The Accounting Review 2023 98(7), 153-183
ABSTRACT For a broad sample of firms, we use structural equations modeling to construct latent variables for real-action aggressiveness and reporting policy aggressiveness. We estimate the association between the latent variables and the associations of each latent variable with shareholder payoffs (returns) and CEO payoffs (annual compensation to the CEO position). Results show the two types of aggressiveness are positively correlated but have different associations with the payoffs we consider. Greater policy-choice aggressiveness is associated with higher returns and compensation; the opposite is true for greater real-action aggressiveness. We find a positive association between policy-choice aggressiveness and restatement likelihood. Compared with nonrestatement firms, abnormal returns of restatement firms with aggressive policy choices are larger in the pre-restatement period and lower in the post-restatement period. Negative returns at the restatement announcement do not, on average, eliminate long-run (multi-year) positive returns of the pre-restatement period or of the period whose results are restated.
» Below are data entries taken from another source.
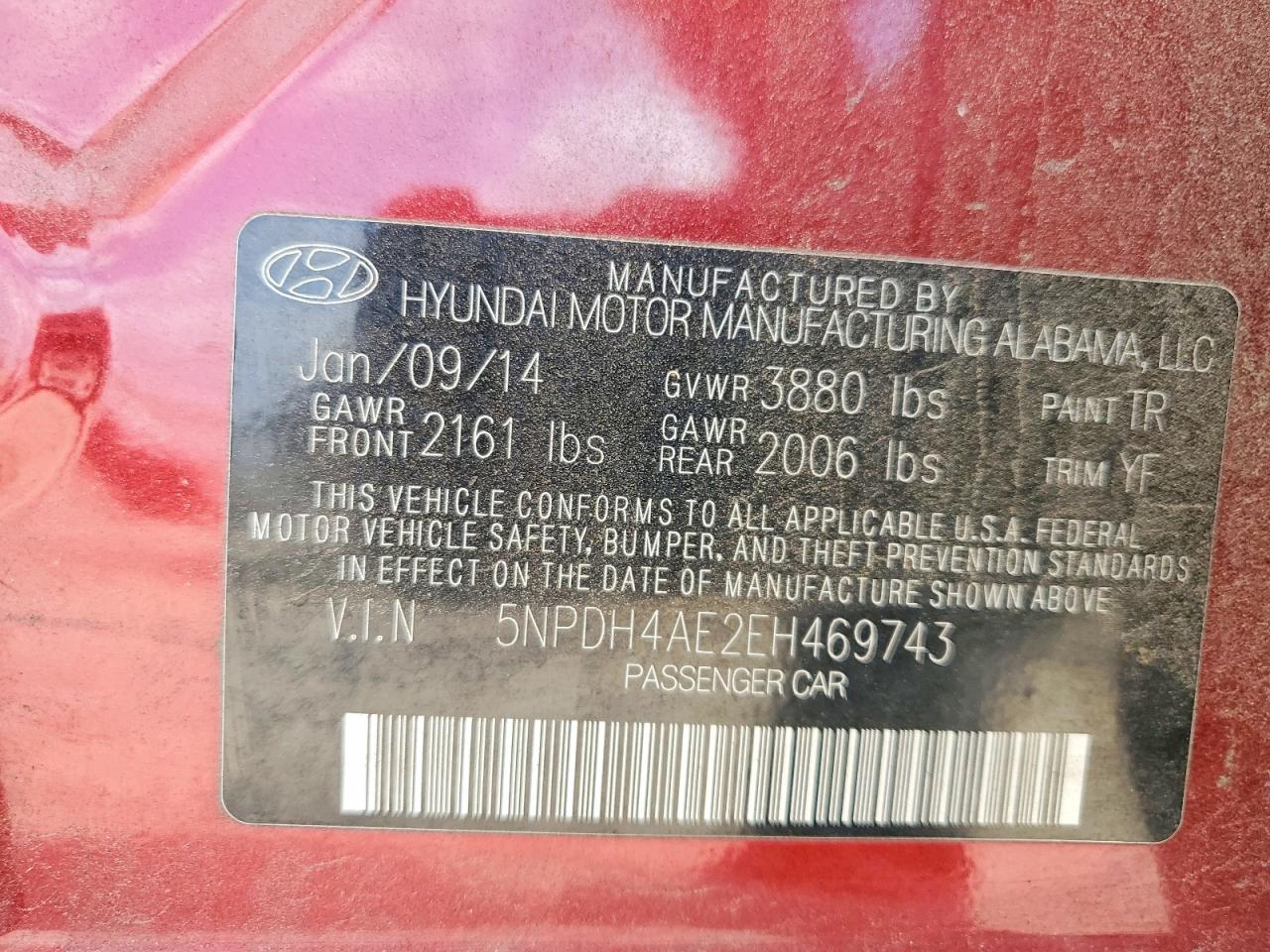 Hyundai ELANTRA Se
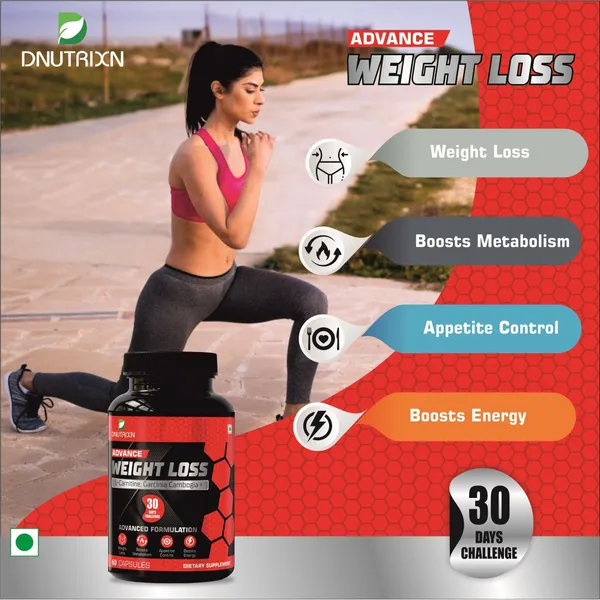 Advance_Weight_Loss_Capsules_30_Days_Challenge_L_Carnitine_And_Garcinia_And_Green_Tea_60_Capsules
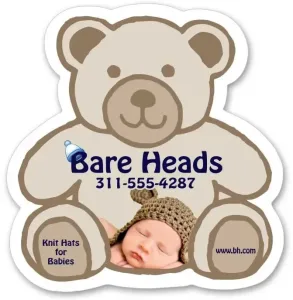 Imprinted Jumbo Teddy Bear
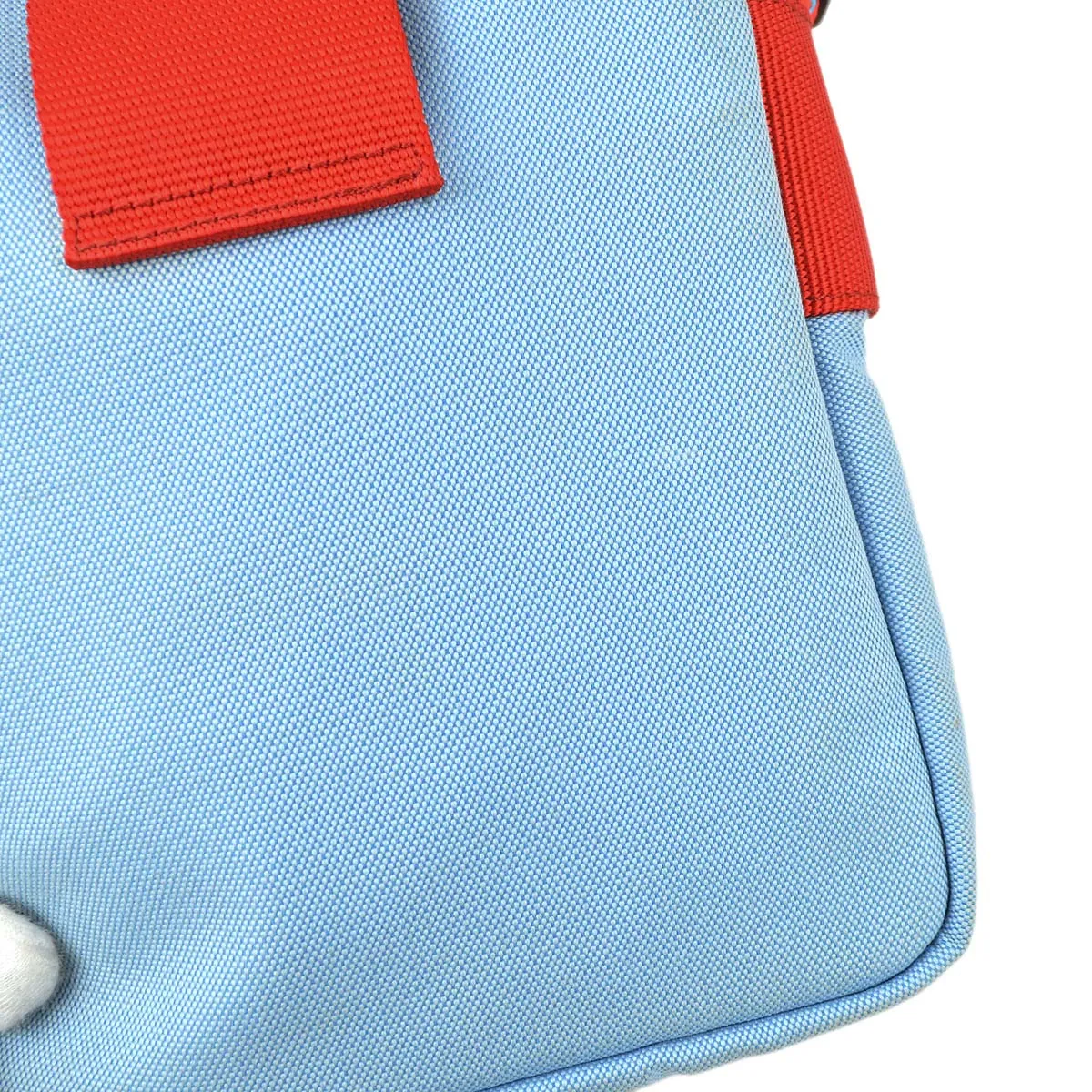 Chanel Blue Red Sport Line Shoulder Bag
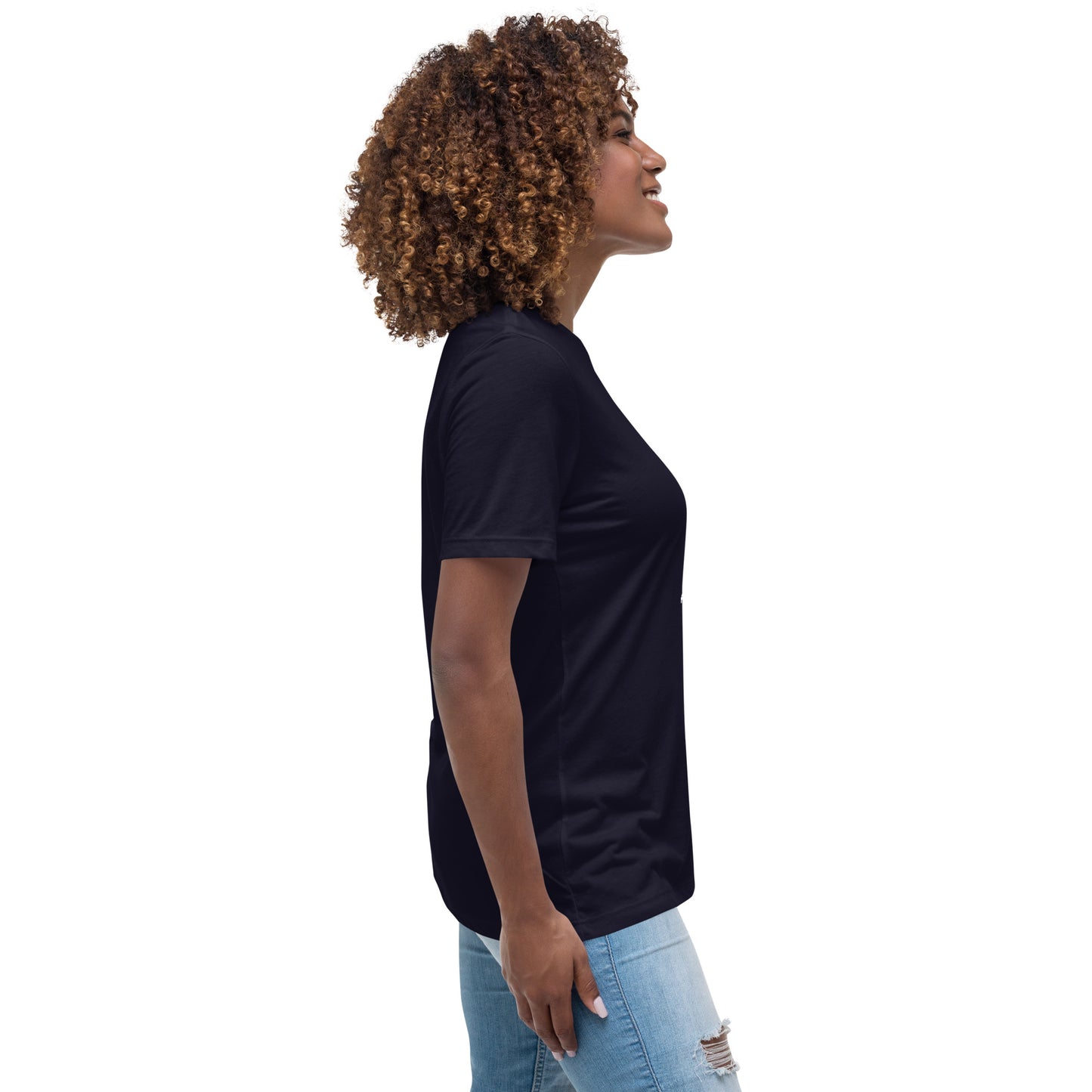 Women's Relaxed T-Shirt PURRFECTION IS BORING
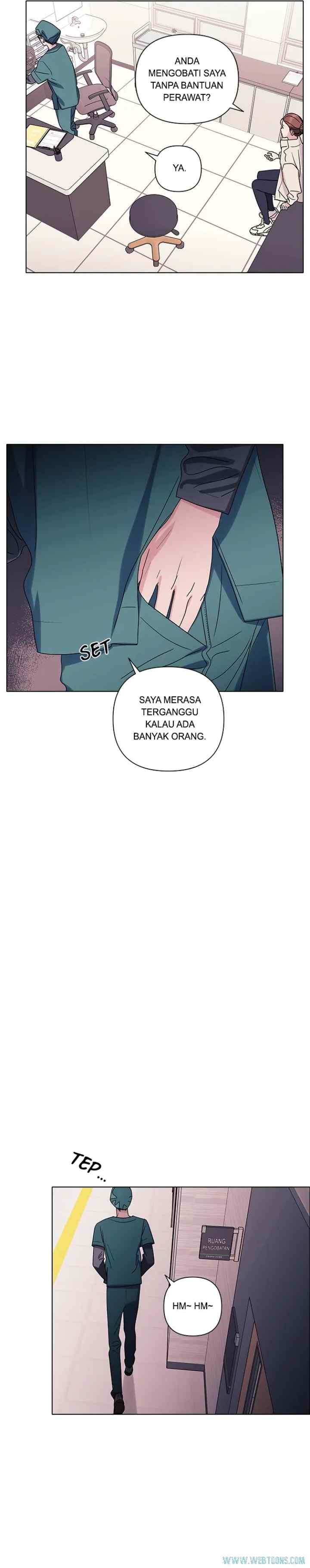 Pacarku Kayaknya Manusia Serigala Bahasa Indonesia chapter 11 page 18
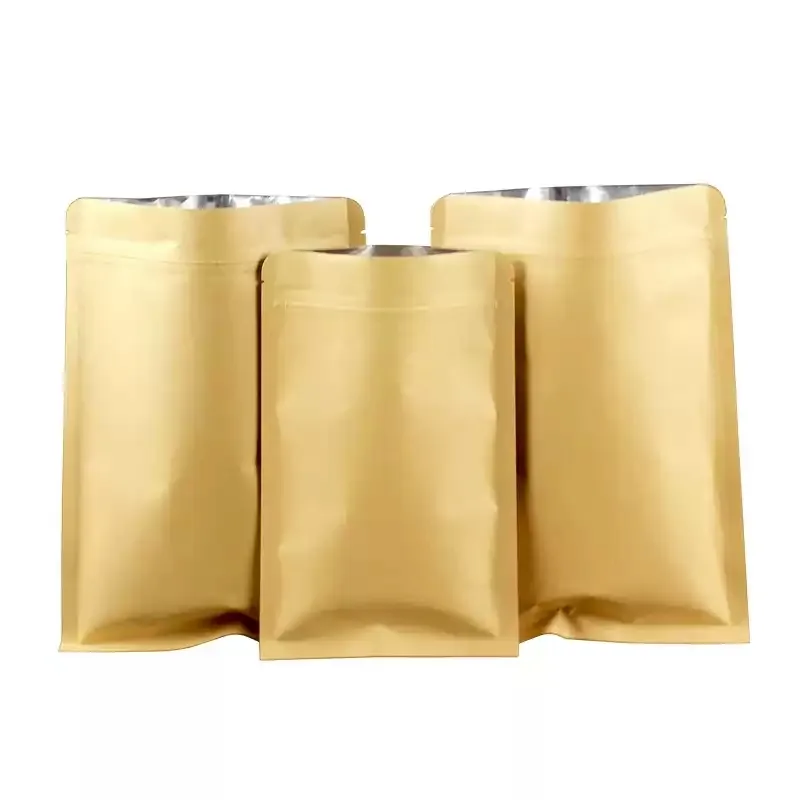 定制牛皮纸袋自封袋产品图4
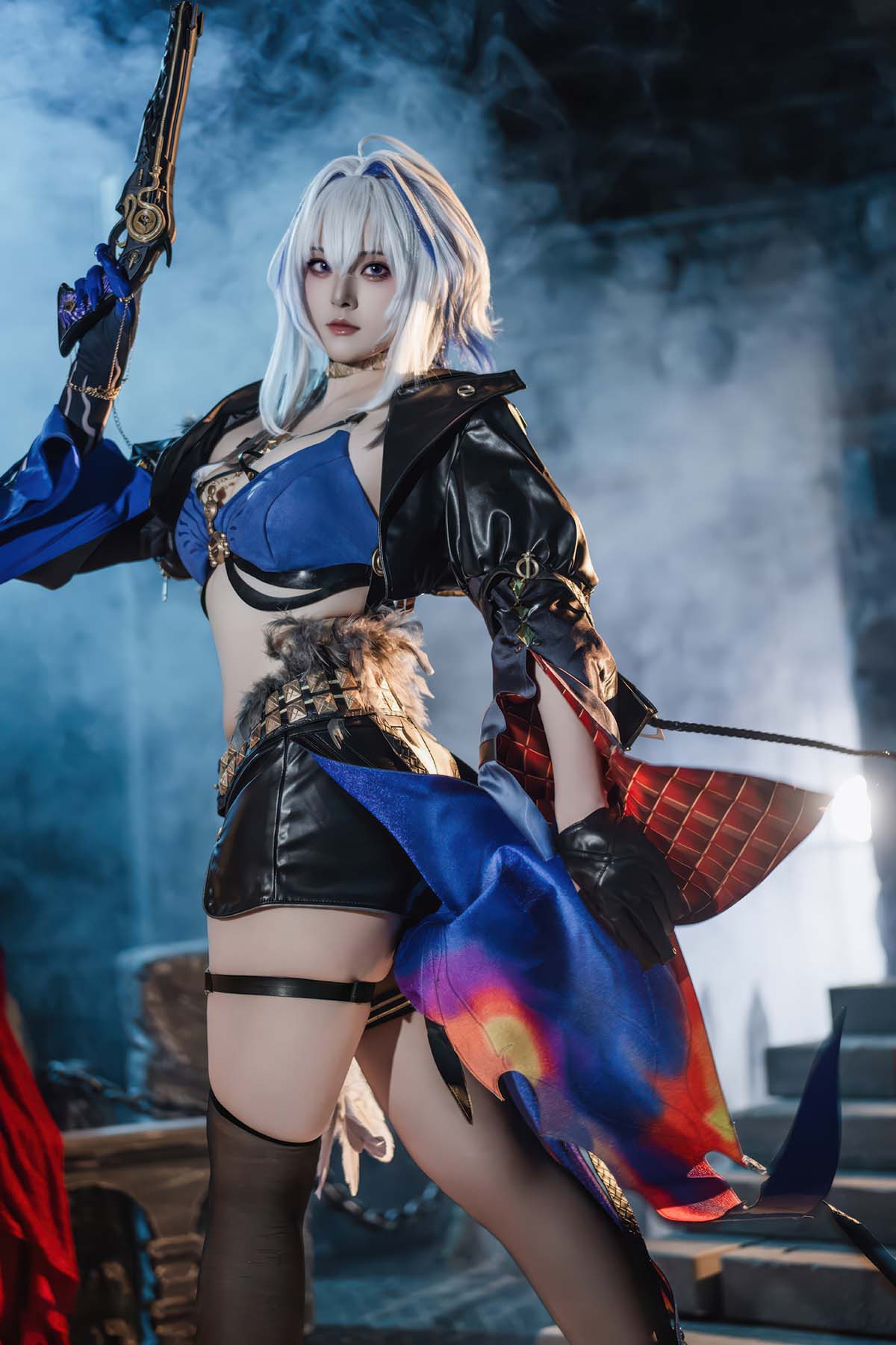 Natsuko夏夏子 – 鸣潮 嘉贝莉娜 Cosplay-第1张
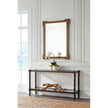 Chelsea House Conner Cane Console Table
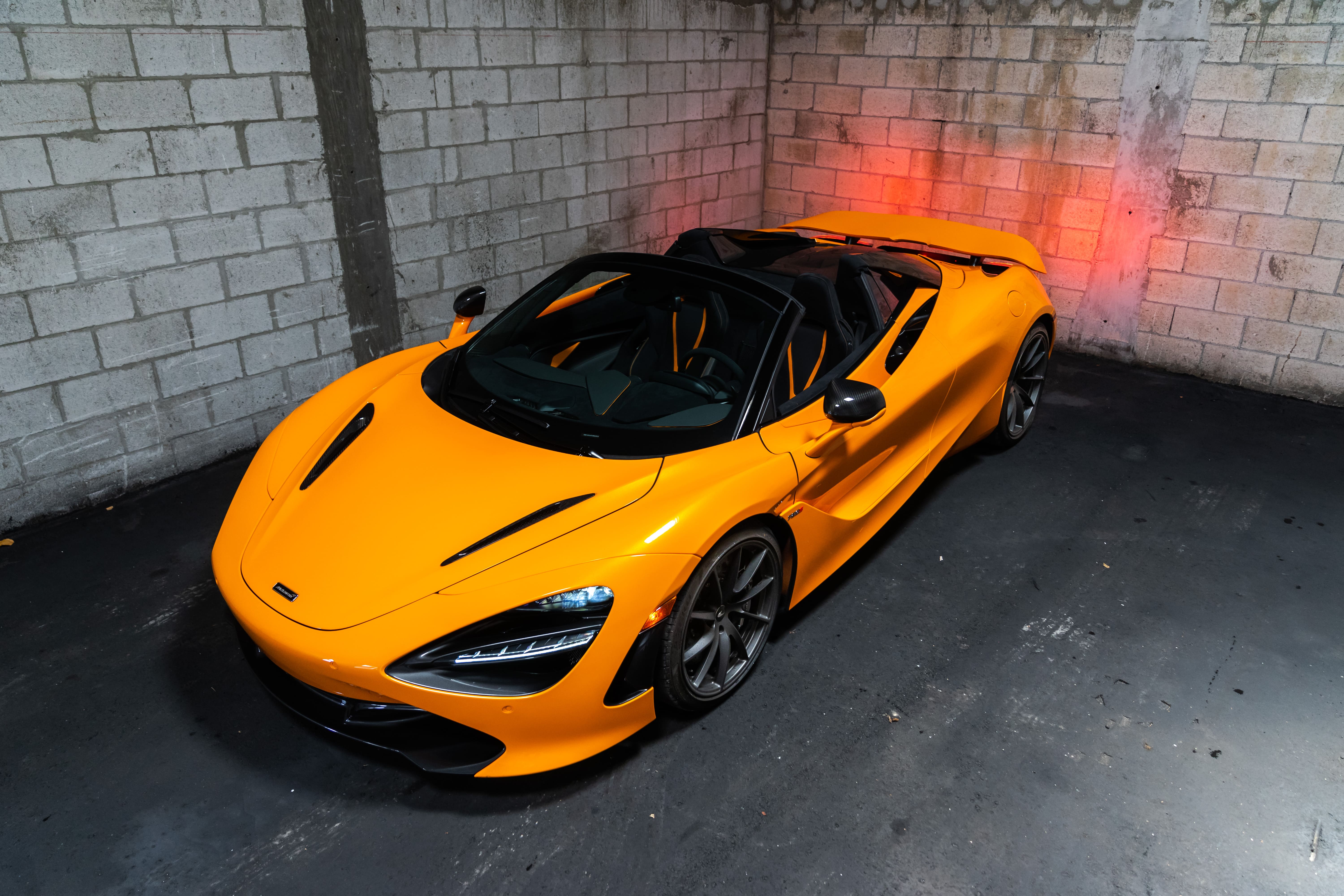 Макларен 720s цена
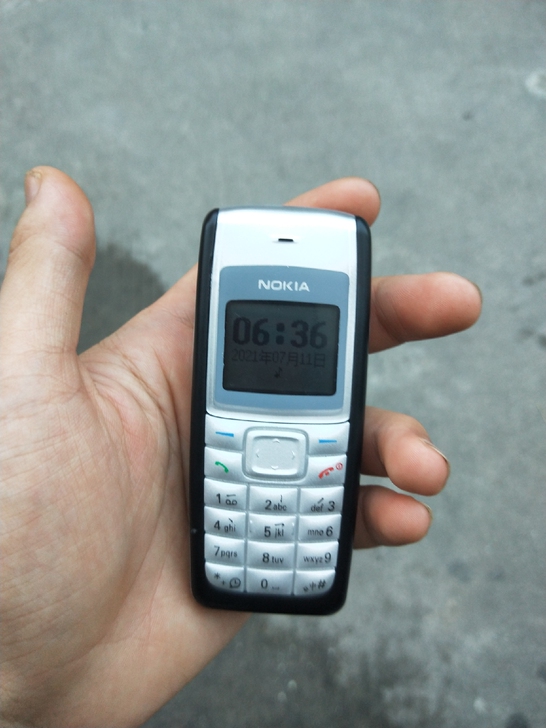 诺基亚移动4G老人手机按键老人机学生备用超...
JEL Classifications: M40; M41.

Direct and Mediated Associations among Earnings Quality, Information Asymmetry, and the Cost of Equity

The Accounting Review 2012 87(2), 449-482 open access
ABSTRACT Using path analysis, we investigate the direct and indirect links between three measures of earnings quality and the cost of equity. Our investigation is motivated by analytical models that specify both a direct link and an indirect link that is mediated by information asymmetry, but do not suggest which link would be more important empirically. We measure information asymmetry as both the adverse selection component of the bid-ask spread and the probability of informed trading (PIN). For a large sample of Value Line firms during 1993–2005, we find statistically reliable evidence of both a direct path from earnings quality to the cost of equity, and an indirect path that is mediated by information asymmetry, with the weight of the evidence favoring the direct path as the more important.